MY ONLY FOOD. My only sustenance. When she is not thinking of the stale bread she is thinking more and more about the host, constructing the moment, wondering what it might taste like on a clean conscience. Even as a child, when she tried to be good she was often distracted by small sins of thought, itching like fleabites on her soul. But it is different now. Now, with nothing else in her life to long for, she begins to long for this: the sacrament, laid out like a banquet in her imagination, the tang of the wine, the incomparable melting sweetness of the host on her tongue. But only if she keeps herself pure for it.
So the days begin to blur together, and under Suora Umiliana’s tutelage she waxes fat while she grows thin.

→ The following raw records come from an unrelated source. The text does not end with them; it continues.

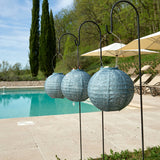 A concept picture of three hanging Lumiz solar lanterns in grey blue colour.  They are round in shape measuring 20cm ahd have the folia design pattern at Cerise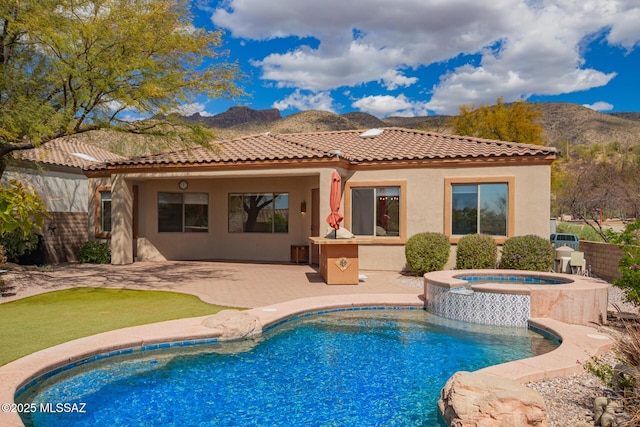 rear view of property featuring an outdoor pool, stucco siding, a patio area, a mountain view, and an in ground hot tub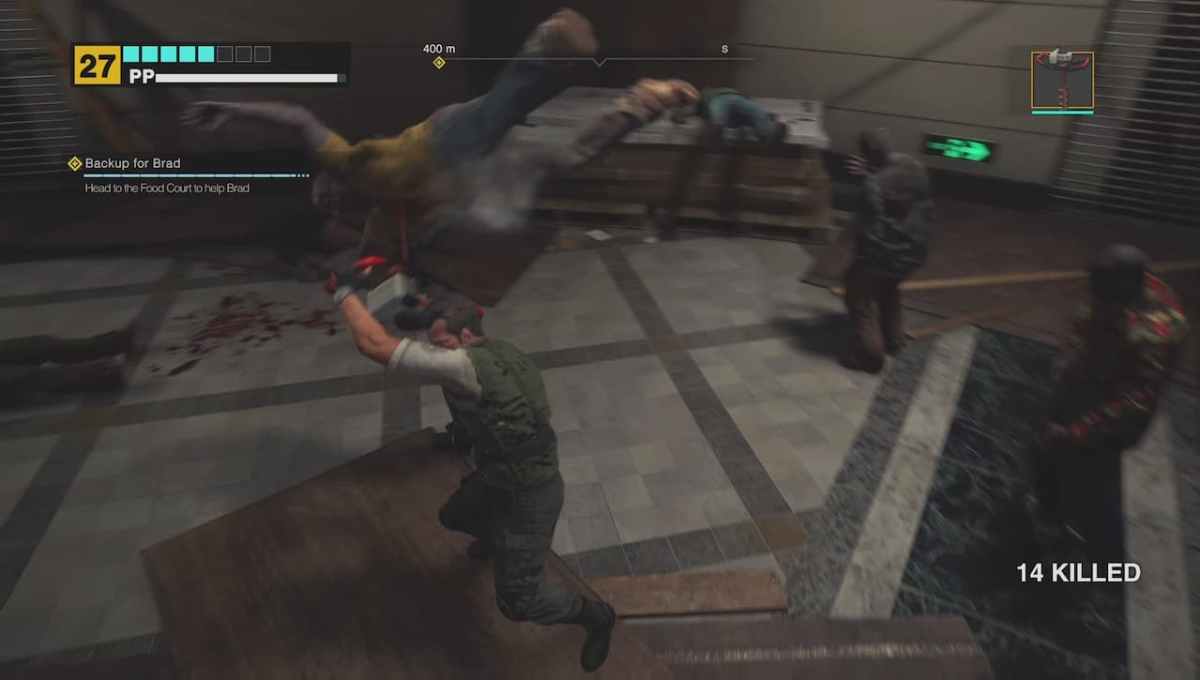 Frank West killing a Dead Rising Deluxe Remaster zombie with a giant drill. 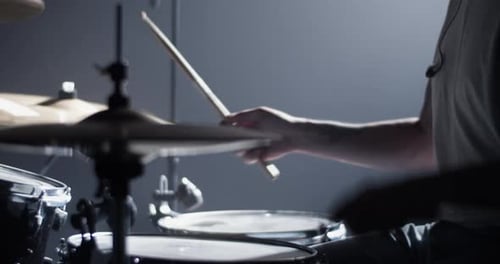 Unrecognizable Musician Playing Drums with Drumsticks in Club
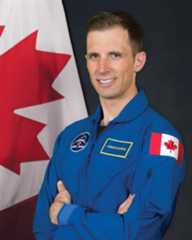 Canadian Space Agency astronaut Joshua Kutryk standing in front of a canadian flag with an astronaut suit on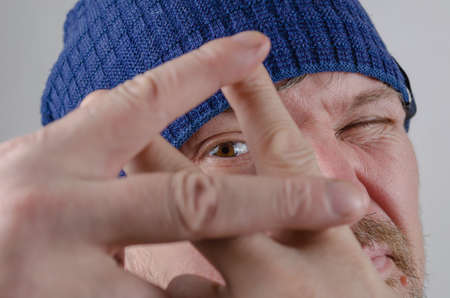 An adult man shows a hashtag gesture in front of his face. A middle-aged male looks through crossed fingers. close-up. selective focus.の写真素材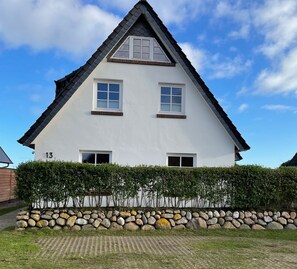 Een wit, twee verdiepingen tellend huis met een puntige dakkapel, nummer 13, omringd door een stenen muur en een haag.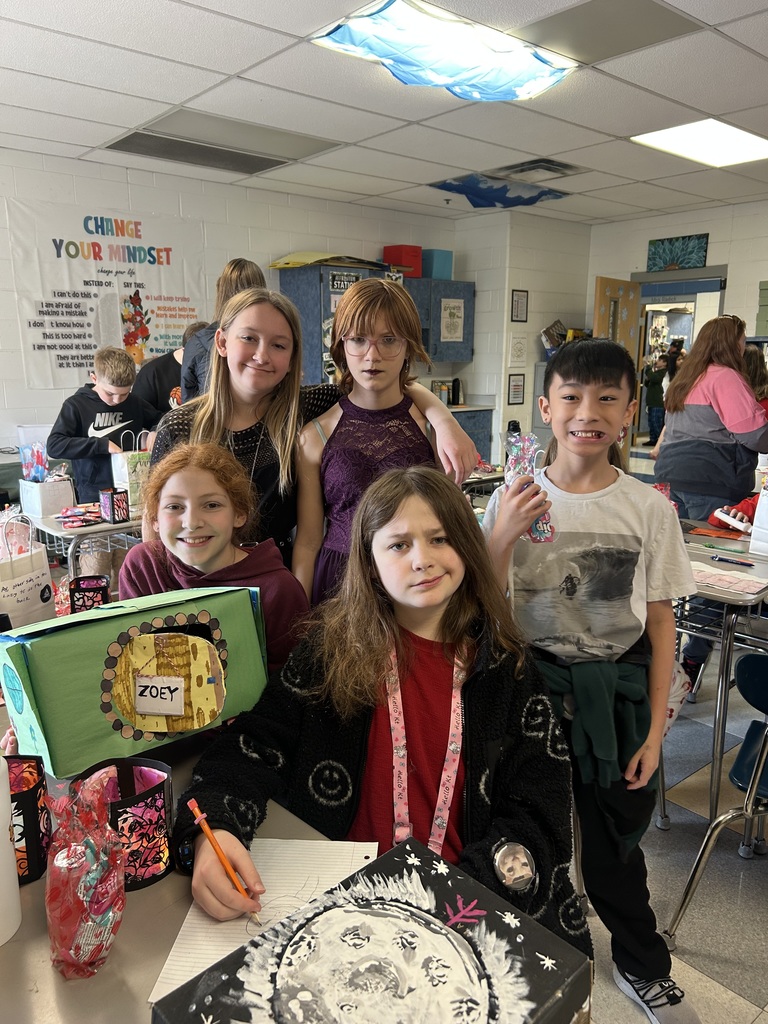 fifth grade students posing at a class valentine party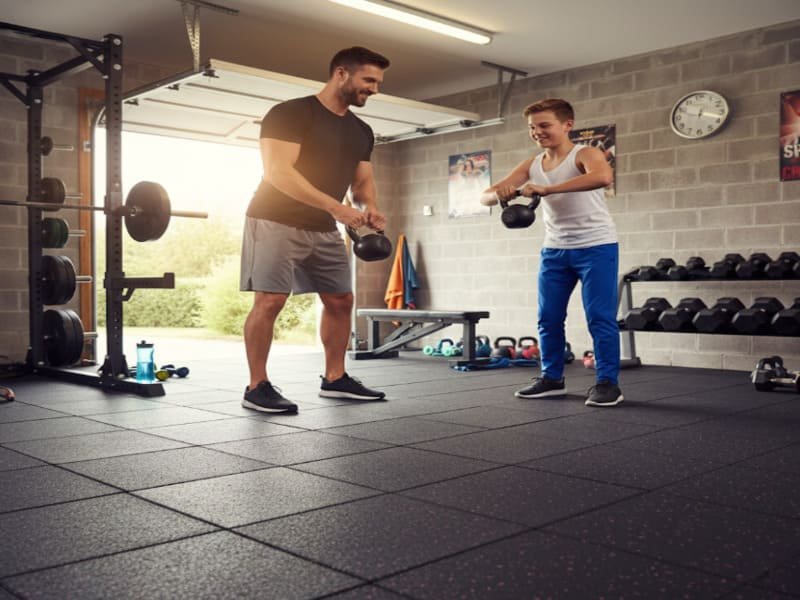 A clean and organized garage with black interlocking rubber floor tiles.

Meanwhile, through the parlatorio come mangled rumors of visitations, changes, and troubles inside other convents in other cities, so that many nuns bow their heads in prayer and give thanks to God that here in Santa Caterina they are not so oppressed.
Many nuns …but not all.
CHAPTER THIRTY-SIX
ON THE THIRD Sunday of Lent, after two weeks of confinement and penance, the novice Serafina is given leave to attend mass and take communion, and so rejoin convent life.
Zuana takes her place early in the chapel. She has not seen her former assistant since the morning of her recovery. The girl arrives supported on the arm of young Suora Eugenia. Even at a distance Zuana is disturbed by what she sees. The girl is hunched and withdrawn, eyes to the ground, each step small, considered. Beside her Eugenia stands slender and proud. Like a number of the younger nuns, she has been much affected by the story of the illness and semi-miraculous recovery, and now seems content to offer herself as the novice’s acolyte rather than her rival. They make an arresting pair: the convent’s two songbirds, both in their way highly strung, both worn thin by the intensity of being alive. How susceptible the young are to such storms of emotion and drama, Zuana thinks. It is as if their very hearts beat faster than those of others. She keeps an eye on them as they settle in their seats. Theirs has been an entrance as much as an arrival, and she is not the only one watching through half-closed eyes. There will be no further rebellion. The abbess’s words sound in Zuana’s ears. As Madonna Chiara will be the last to take her seat, she is not here to witness this moment—which is unfortunate, for it is perhaps something she should take note of.
Except …except, Zuana thinks, while I know this young woman to be a dissembler of extraordinary talent, there is no deception in what we are seeing now, surely? How could there be? Installed in her choir seat she looks so small, curled in on herself, eyes dull, her expression almost dreamy. If, on top of her drug-induced voiding, she is starving herself more than the allotted penance, there will be precious little stamina for deception in her now. A better confessor would never have imposed such a rigorous penance, for young girls are known to be more susceptible to the drama of fasting than their older counterparts.
Still, it is possible some good will come of it. She thinks of Suora Magdalena, dried up in her bed like a piece of salted meat. While she represents the extreme, degrees of hunger are necessary—even beneficial—to convent life. In readiness for the host, Zuana herself has not eaten since last night, and there is a familiar, almost pleasurable hollowness in her stomach. For those who find themselves distracted by the world around them, fasting can be a wondrous tool. Indeed, this is the time of year for it: Lent after Carnival. Carne vale, farewell to the flesh. Most of the nuns will be feeling the growl of hunger in their stomachs at some time in the weeks to come. Disciplining the body to free the soul: with the convent still so upside down there will be those who will actively look forward to fasting as a way of returning to a state of greater calm.
When they are all seated, Father Romero enters, flanked by the sacristan sister and the chosen choir nun who will aid him in the business of the mass. In contrast to the ceremony celebrated in the public church, mass in the convent chapel is an intimate affair: a simple altar set below the great crucifix, with the nuns gathered in their choir stalls close by; the greatest privilege as well as the greatest pleasure.